Accessing info dicts in postprocessing callback


I recently updated from rllib 0.8.6 to rllib 1.0.1 and also converted from TF to Torch. Previously, I was using the info dict from my custom environment to pass along values that I used in the postprocessing callback. However, now I don’t see the info key when I check the keys on the original batch (using original_batches[agent_id]) in my on_postprocess_trajectory callback. I only see :

(pid=17353) dict_keys([‘obs’, ‘actions’, ‘rewards’, ‘dones’, ‘eps_id’, ‘agent_index’, ‘new_obs’, ‘action_dist_inputs’, ‘action_logp’, ‘vf_preds’, ‘unroll_id’, ‘advantages’, ‘value_targets’])

I tried changing the view_requirements function to include SampleBatch.INFOS but this did not work. How can I go about seeing the info dicts in this callback?

1 Like

Thanks for asking this here @cwerner !
There is indeed a bug in 1.0.1, described (and fixed) here:
The workaround for this version is to set _use_trajectory_view_api to False in your Trainer’s config.
This has been fixed in subsequent versions (master and upcoming 1.2.x).

Hi @sven1977,

Any chance you could show an example of how to add a field from the info dict to the trajectory view api, rather than disabling it? I’m actually facing the same use case.


@roireshef, let me try to get this to work w/o disabling it. …

1 Like

Thanks, looking forward to it. I’ll be following this thread.

If I understood correctly, the trajectory view api is reducing memory footprint by avoiding streaming all the information through the entire pipeline. Please correct me if I’m wrong, I assumed it’s generally better to use it vs not to use it, since it should probably make things run faster.

It’d be nice to be able to customize it to include only those additional fields we want access to. I’m not sure how easy is it to do so, but I just couldn’t find any documentation on where to start from. If you have any example on how to add a field to it, it should be enough for me…


It’s actually quite hackish to do this on top of 1.0.1 (several files need to be changed b/c of bugs).
The recommended way is to use the current master (or upcoming 1.2.x), where this has been fixed.
You will get env infos automatically in your loss or postprocessing function (if these functions need this field, i.e. access it in a test pass).

Documentation is in-flight (doc PR is in review).

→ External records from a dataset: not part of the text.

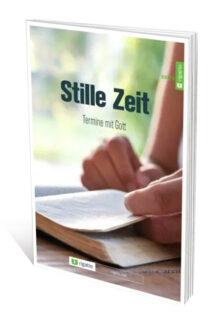 Stille-Zeit-Cover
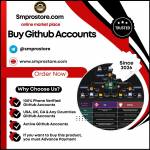 BuyGitHub Accounts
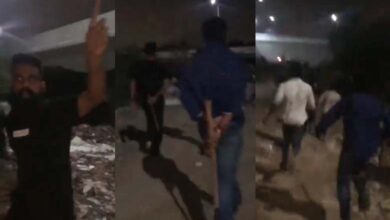 Daksh Chaudhary Attack on Rohingya Muslims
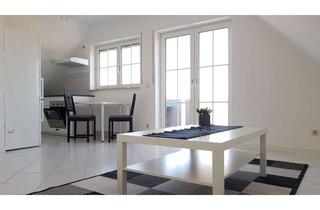 Wohnung mieten in 67549 Pfiffligheim, Schöne Dachgeschoss-Wohnung in Worms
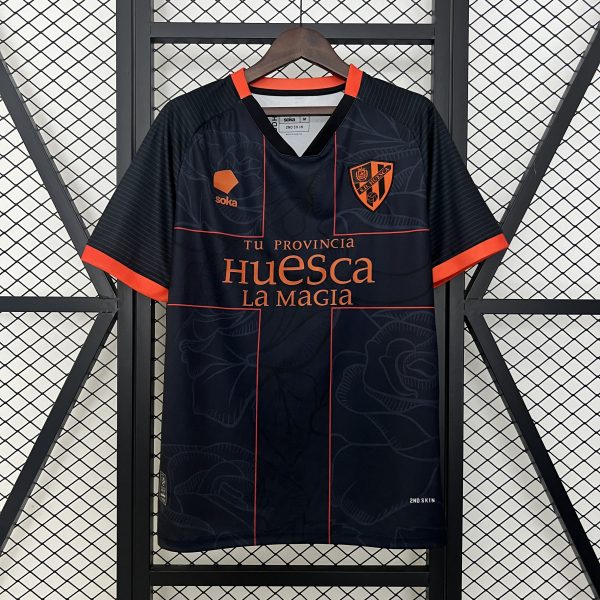 Camiseta SD Huesca 24/25 3ª equipación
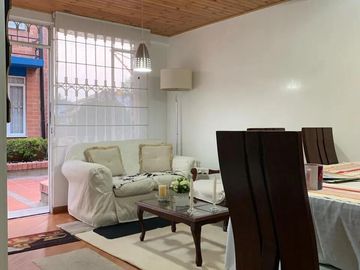 VENTA CASA SUBA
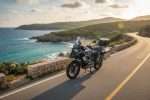 La Sardaigne en moto : l’île parfaite pour un road trip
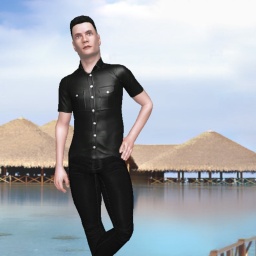 virtual sex and dating with people like heterosexual narcissist boy ChenGuang999, 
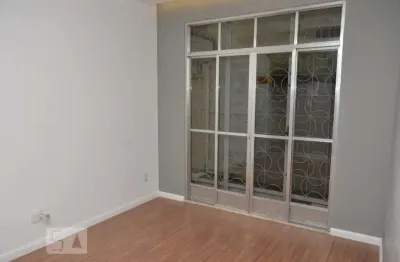 Apartamento para aluguel - praia da bandeira, 1 quarto,  40 m² - rio de janeiro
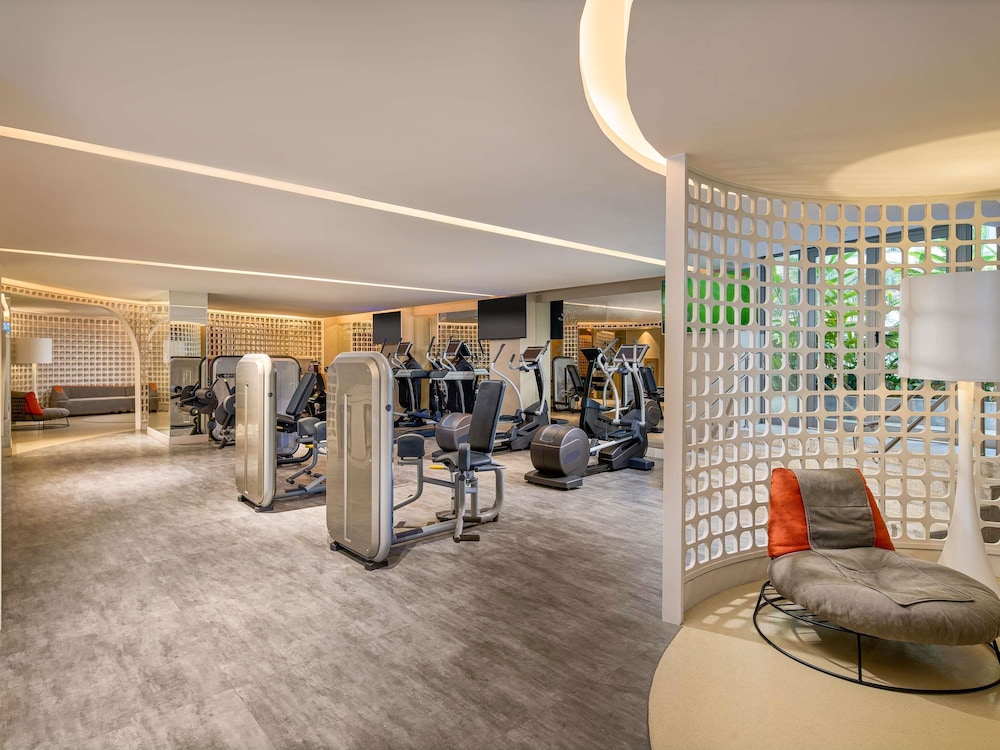 Fairmont Rio de Janeiro Copacabana 25/50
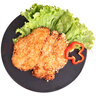 CP正大食品雪花鸡排2斤约10片 冷冻 鸡胸肉炸鸡排鸡扒酥脆大块鸡肉 实拍图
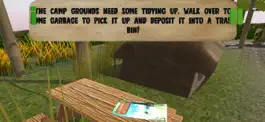 Game screenshot Everglades presented by MAGIC hack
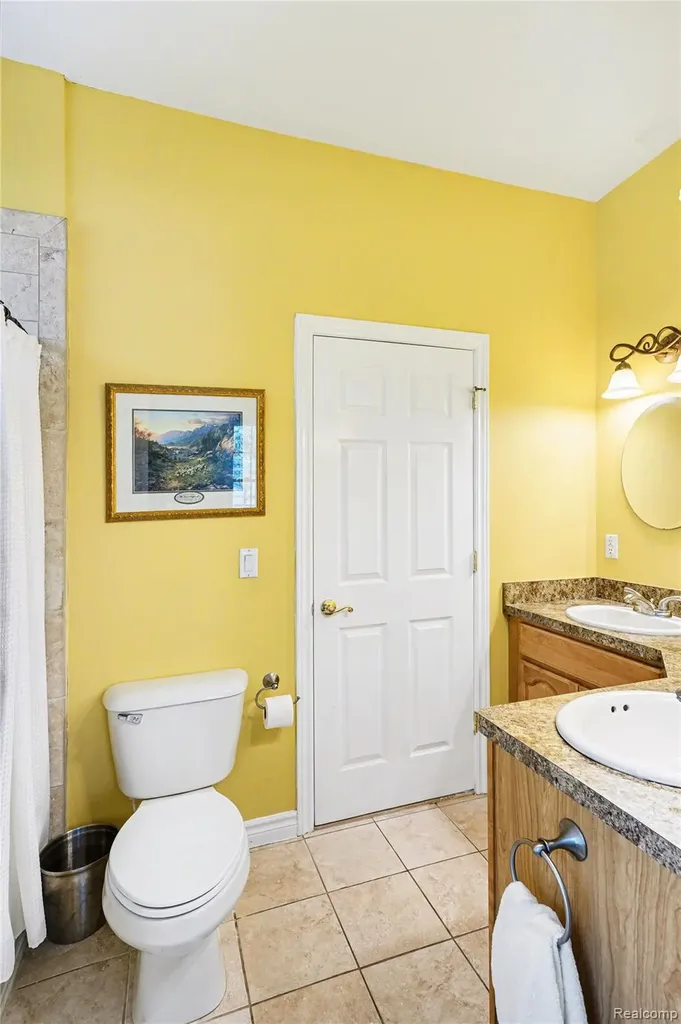 4456 Medford Hill Drive Metamora Township MI 48455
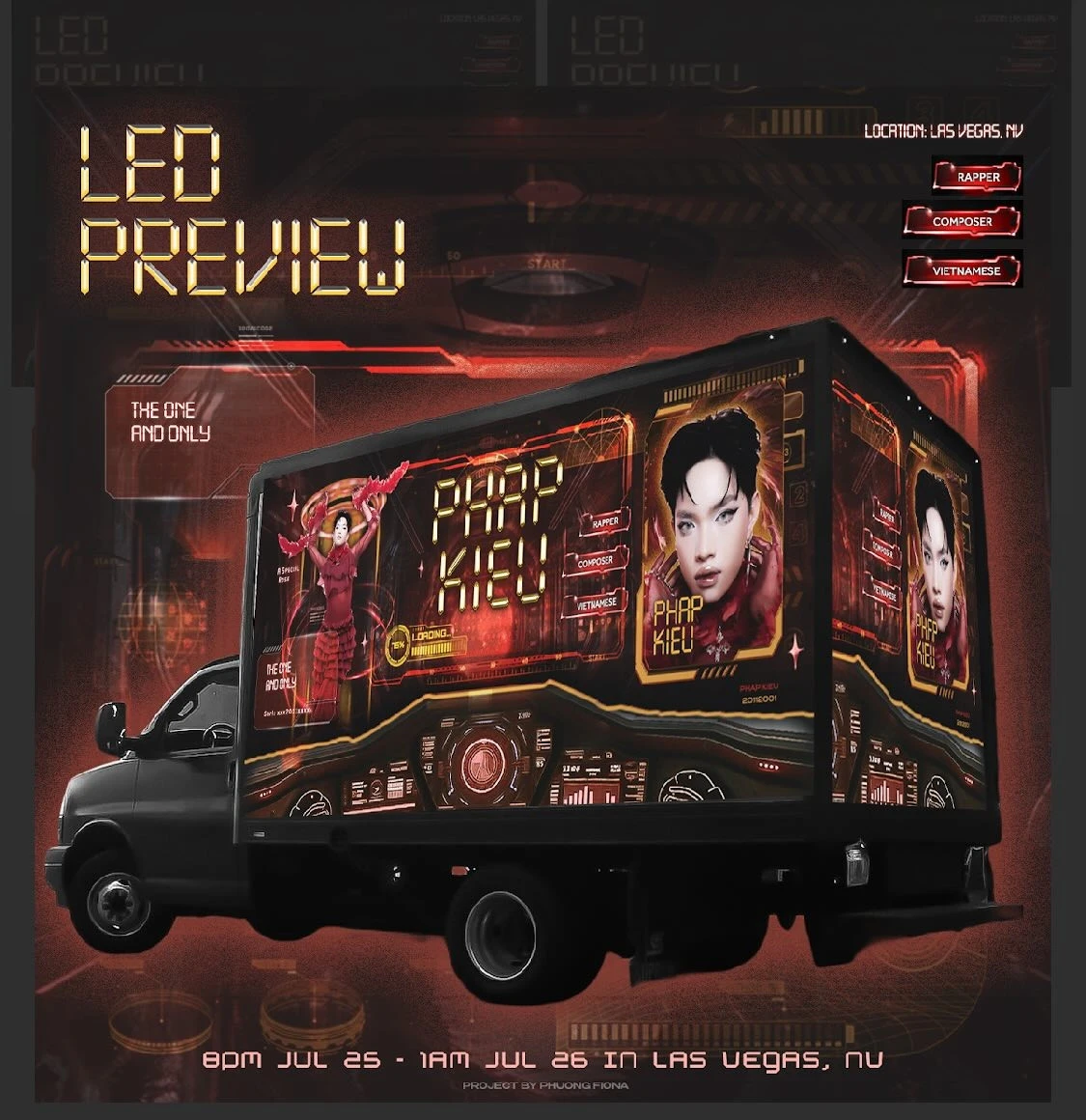Concert Anh trai: Đại sứ Mỹ khen nức nở, fan Quang Hùng, Pháp Kiều làm điều sốc - Hình 4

Yes, the speedup on Atari for PPO was ~20%. For more “learn-heavy” algos (lots of updates vs action inference) like DQN or SAC, it’s not really faster, but definitely not slower either.

Hi @sven1977 I am using current master with 1.2.0.dev0 wheel from few days ago. It’s only with “_use_trajectory_view_api” set to False that I see the info dict appears in postprocess_trajectory function.

I’m on commit 407a3523f367a1e2f124b4bdfb1aef3a2d4340a7 from today.

In the initial call to the loss function (during Policy setup), you should see an all-0s train_batch being passed into the loss function (including all possible SampleBatch columns).
Then, if you access some column in your loss function, RLlib will detect this and provide that column in all subsequent calls.

So I just tried this:

  • set breakpoint into PPOTorchPolicy’s loss function.
  • run the rllib/agents/ppo/tests/ test case with ray.init(local_mode=True)
  • For the initial test call to the loss, I see “infos” in train_batch properly initialized with 0s.
  • Then, if I access this column in the loss function to tell RLlib that “infos” are needed (e.g. by printing train_batch[“infos”]), I do see this column also in all subsequent loss calls.

Ah yes, I do see another error in torch now that has to do with the attempted conversion of the TrackingDict (from {} to a torch tensor, which fails).
Will fix this right now. …

I was wondering how QMIX works (it does access the “infos” column for each train setp), but it completely overrides learn_on_batch, so there is no tracking dict!

PR with a fix:

I am noticing a similar issue with the current master. Sven, can you elaborate on how exactly the auto detection of required fields is intended to work? In the postprocessing function, I am currently extracting rewards from the info dict and those rewards are then processed to advantages. If the info dict is populated with 0 in the first pass, I cannot compute these advantages, and if I don’t compute the advantages, the loss function will not be able to do anything meaningful. Do I need a separate handling of the initial pass to the postprocessing/loss function that detects if the info dict is populated with 0 or with an actual dict?